Nicotine dependence is assessed in a unique module separate from the assessment of other substance use. Respondents are considered to have ever used cigarettes if they have smoked 100 or more cigarettes during their lifetime. Four other modes of nicotine use are assessed as well: pipe, cigar, snuff, and chewing tobacco. Diagnoses are made explicitly according to DSM-IV guidelines using over twenty symptom items specific to nicotine use to capture each DSM criterion, including a substance-specific nicotine withdrawal syndrome.

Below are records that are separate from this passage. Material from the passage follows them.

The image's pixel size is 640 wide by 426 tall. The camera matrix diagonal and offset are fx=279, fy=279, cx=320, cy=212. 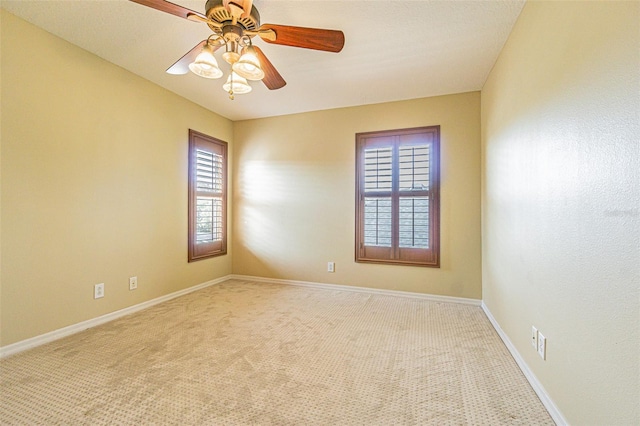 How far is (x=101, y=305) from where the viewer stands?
2703mm

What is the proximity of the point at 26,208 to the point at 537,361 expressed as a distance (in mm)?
3791

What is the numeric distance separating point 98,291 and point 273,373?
201cm

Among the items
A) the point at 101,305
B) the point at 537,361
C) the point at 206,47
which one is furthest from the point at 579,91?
the point at 101,305

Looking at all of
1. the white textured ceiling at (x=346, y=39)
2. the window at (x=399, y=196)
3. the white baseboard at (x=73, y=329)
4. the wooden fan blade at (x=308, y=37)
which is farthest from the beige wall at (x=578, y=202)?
the white baseboard at (x=73, y=329)

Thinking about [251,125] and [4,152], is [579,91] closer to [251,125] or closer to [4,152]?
[4,152]

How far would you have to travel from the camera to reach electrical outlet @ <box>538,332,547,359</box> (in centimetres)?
161

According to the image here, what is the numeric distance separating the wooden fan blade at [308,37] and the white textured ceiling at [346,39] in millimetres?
394

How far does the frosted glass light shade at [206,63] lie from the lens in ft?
5.85

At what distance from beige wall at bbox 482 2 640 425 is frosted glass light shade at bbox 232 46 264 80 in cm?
168

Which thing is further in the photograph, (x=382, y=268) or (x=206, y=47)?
(x=382, y=268)

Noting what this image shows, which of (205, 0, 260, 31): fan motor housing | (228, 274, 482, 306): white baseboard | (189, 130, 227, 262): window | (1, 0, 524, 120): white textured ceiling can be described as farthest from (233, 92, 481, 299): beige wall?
(205, 0, 260, 31): fan motor housing

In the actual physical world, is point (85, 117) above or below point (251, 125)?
below

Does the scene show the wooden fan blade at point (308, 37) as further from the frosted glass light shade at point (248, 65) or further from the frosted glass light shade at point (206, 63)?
the frosted glass light shade at point (206, 63)

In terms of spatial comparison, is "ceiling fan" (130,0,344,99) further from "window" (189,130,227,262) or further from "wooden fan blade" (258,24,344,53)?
"window" (189,130,227,262) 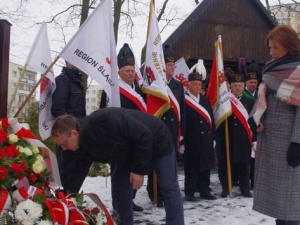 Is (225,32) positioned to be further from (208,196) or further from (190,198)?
(190,198)

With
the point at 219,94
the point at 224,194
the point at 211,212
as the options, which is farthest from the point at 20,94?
the point at 211,212

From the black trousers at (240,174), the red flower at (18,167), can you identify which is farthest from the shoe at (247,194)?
the red flower at (18,167)

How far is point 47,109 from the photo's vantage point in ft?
16.3

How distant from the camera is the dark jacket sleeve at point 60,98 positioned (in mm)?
4742

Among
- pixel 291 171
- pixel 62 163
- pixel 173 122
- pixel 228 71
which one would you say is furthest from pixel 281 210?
pixel 228 71

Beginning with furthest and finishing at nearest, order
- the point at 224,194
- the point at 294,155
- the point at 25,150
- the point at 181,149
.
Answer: the point at 224,194 → the point at 181,149 → the point at 294,155 → the point at 25,150

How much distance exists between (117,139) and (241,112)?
3.28m

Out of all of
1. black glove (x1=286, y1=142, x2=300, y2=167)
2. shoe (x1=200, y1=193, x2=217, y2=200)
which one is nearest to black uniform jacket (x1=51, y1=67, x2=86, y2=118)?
shoe (x1=200, y1=193, x2=217, y2=200)

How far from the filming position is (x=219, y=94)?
6.51m

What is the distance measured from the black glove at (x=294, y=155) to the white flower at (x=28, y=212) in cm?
179

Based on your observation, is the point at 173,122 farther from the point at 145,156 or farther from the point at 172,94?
the point at 145,156

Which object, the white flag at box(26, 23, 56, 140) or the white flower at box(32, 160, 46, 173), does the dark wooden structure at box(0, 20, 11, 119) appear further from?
the white flag at box(26, 23, 56, 140)

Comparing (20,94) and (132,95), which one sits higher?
(20,94)

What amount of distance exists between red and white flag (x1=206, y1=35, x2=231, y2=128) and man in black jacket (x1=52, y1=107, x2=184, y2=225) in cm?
257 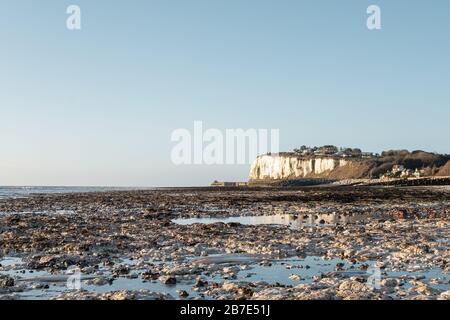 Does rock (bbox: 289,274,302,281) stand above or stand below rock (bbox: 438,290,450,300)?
below

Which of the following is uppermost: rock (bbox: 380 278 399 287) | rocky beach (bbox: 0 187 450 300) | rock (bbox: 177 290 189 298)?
rock (bbox: 380 278 399 287)

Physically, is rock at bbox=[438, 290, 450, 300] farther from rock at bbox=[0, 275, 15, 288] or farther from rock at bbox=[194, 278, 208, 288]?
rock at bbox=[0, 275, 15, 288]

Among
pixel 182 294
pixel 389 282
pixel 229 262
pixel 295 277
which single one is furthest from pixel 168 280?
pixel 389 282

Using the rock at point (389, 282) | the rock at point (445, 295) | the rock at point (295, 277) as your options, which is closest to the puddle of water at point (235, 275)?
the rock at point (295, 277)

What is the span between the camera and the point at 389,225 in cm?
2597

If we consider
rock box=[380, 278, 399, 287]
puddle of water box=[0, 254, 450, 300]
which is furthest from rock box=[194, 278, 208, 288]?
rock box=[380, 278, 399, 287]

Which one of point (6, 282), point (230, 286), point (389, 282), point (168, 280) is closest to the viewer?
point (230, 286)

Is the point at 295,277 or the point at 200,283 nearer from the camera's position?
the point at 200,283

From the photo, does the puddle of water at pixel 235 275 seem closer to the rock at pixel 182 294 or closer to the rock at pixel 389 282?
the rock at pixel 182 294

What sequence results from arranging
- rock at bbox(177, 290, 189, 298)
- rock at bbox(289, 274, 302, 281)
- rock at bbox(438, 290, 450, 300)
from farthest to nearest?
rock at bbox(289, 274, 302, 281) < rock at bbox(177, 290, 189, 298) < rock at bbox(438, 290, 450, 300)

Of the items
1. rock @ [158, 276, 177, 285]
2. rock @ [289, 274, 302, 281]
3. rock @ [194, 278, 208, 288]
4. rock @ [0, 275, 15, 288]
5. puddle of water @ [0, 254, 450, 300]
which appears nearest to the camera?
puddle of water @ [0, 254, 450, 300]

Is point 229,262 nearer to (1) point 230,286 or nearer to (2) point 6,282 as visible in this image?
(1) point 230,286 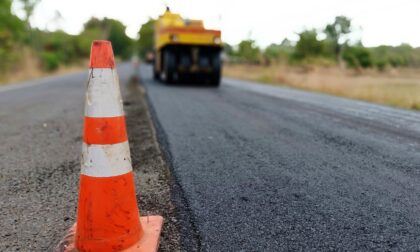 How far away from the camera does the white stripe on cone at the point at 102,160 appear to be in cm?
180

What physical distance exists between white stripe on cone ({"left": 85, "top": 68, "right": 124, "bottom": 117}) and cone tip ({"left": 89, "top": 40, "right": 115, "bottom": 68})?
2 centimetres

Good reliability of the current nicotine dependence diagnosis has been documented (k=0.63);25 further details of the diagnosis as well as reliability and validity have been documented elsewhere.14,17

Personality disorders

We controlled for the presence of any measured Axis II personality disorder in multivariable models. AUDADIS-IV diagnostically assesses seven personality disorders: avoidant, dependent, obsessive-compulsive, paranoid, schizoid, histrionic, and anti-social personality disorder. Further details of personality disorder diagnostic sections can be found elsewhere.23, 25, 30

Peptic Ulcer Disease

Respondents were asked whether they had experienced a stomach ulcer in the past 12 months. They were subsequently asked whether a doctor had confirmed the diagnosis. Those respondents who reported a physician diagnosed stomach ulcer in the past 12-months were considered for the present analysis (n=1,101).

Statistical analysis

Analyses were conducted using SUDAAN to derive standard errors that account for the complex sampling scheme of the dataset.42 Weighted percentages were obtained to describe the demographic characteristics of those with and without an ulcer diagnosis. Statistical associations with demographic characteristics were tested using chi-square. Odds ratios (ORs) were derived to establish the association between lifetime mental disorders (predictor) and current ulcer (outcome), controlling for demographic characteristics, as well as other mood, anxiety, personality, and substance disorders.

Results

Sociodemographic characteristics associated with ulcer

PUD was significantly associated with being female, older, being widowed, separated or divorced, having less formal education, and lower personal income (see Table 1). There were no differences in the prevalence of PUD by race, or region of residency (urban vs. rural). Alcohol dependence, nicotine dependence, any mood disorder, and any anxiety disorder were significantly more common among those with, compared to those without, PUD.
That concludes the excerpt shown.